35. The method of claim 34, wherein the mutation that directly or indirectly disrupts spermiogenesis is a mutation in Gopc, Hiat1, Tjp1a, Smap2, Csnk2a2, or an ortholog thereof.

36. The method of claim 34 or 35, wherein the mutation that directly disrupts

vitellogenesis is a mutation in a gene encoding or regulating: Vitellogenin; Estrogen receptor1; Cytochrome p450, family 1, subfamily a; zona pellucida glycoprotein; Choriogenin H; Peroxisome proliferator-activated receptor; Steroidogenic acute regulatory protein, or an ortholog thereof.

37. The method of claim 34, 35, or 36, wherein the fertile female fish, crustacean, or mollusk and the fertile male fish, crustacean, or mollusk have a plurality of homozygous mutations that, in combination: directly or indirectly disrupt spermiogenesis; directly disrupt vitellogenesis; or both.

38. The method of any one of claims 34-37, wherein the fertility rescue comprises germline stem cell transplantation.

39. The method of claim 38, wherein the fertility rescue further comprises sex steroid alteration.

40. The method of claim 39, wherein the alteration of sex steroid is an alteration of estrogen, or an alteration of an aromatase inhibitor.

41. The method of any one of claims 38-40, wherein the germline stem cell

transplantation comprises the steps of:

obtaining a germline stem cell from a sterile homozygous male fish, crustacean, or mollusk having at least the homozygous mutation or a germline stem cell from a sterile homozygous female fish, crustacean, or mollusk having at least the homozygous mutation; and

42. The method of claim 41, wherein the germ cell-less recipient male fish, crustacean, or mollusk and the germ cell-less recipient female fish, crustacean, or mollusk are homozygous for a null mutation of the dnd, Elavl2, vasa, nanos3, or piwi-like gene.

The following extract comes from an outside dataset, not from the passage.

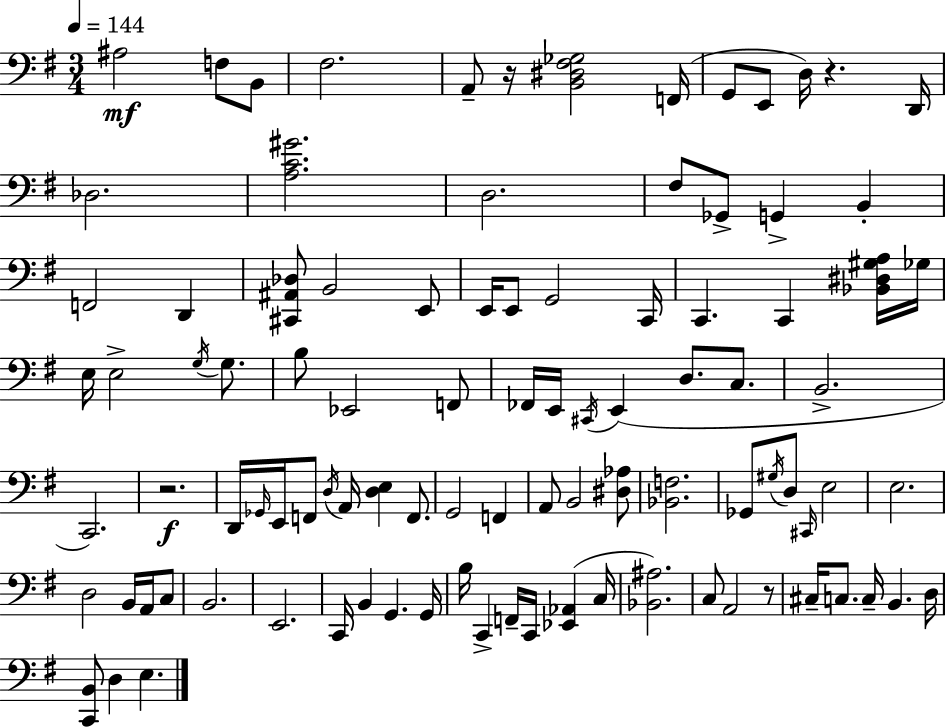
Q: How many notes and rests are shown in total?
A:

43. The method of claim 41, wherein the germ cell-less recipient male fish, crustacean, or mollusk and the germ cell-less recipient female fish crustacean, or mollusk are created using ploidy manipulation.

44. The method of claim 41, wherein the germ cell-less recipient male fish, crustacean, or mollusk and the germ cell-less recipient female fish crustacean, or mollusk are created by hybridization.

45. The method of claim 41, wherein the germ cell-less recipient male fish, crustacean, or mollusk and the germ cell-less recipient female fish crustacean, or mollusk are created using exposure to high levels of sex hormones.

46. The method of any one of claims 34-45, wherein the fertile female fish, crustacean, or mollusk and the fertile male fish, crustacean, or mollusk have an additional homozygous mutation that specifies sexual differentiation.

47. The method of claim 46, wherein the mutation that specifies sexual differentiation modulates the expression of aromatase Cyp19a1a, Cyp17, an inhibitor to aromatase

Cyp19a1a, or a combination thereof.

48. The method of claim 47, wherein the mutation that modulates the expression of Cyp17 is a mutation in cyp17I or an ortholog thereof.

49. The method of claim 47 or 48, wherein the mutation that modulates the expression of aromatase Cyp19a1a inhibitor is a mutation in Gsdf, dmrt1, Amh, Amhr, or an ortholog thereof.

50. The method of any one of claims 34-45, wherein the breeding step comprises hybridization or hormonal manipulation and breeding strategies, to specify sexual

differentiation.

51. The method of any one of claims 1-50, wherein the fish, crustacean, or mollusk is a fish.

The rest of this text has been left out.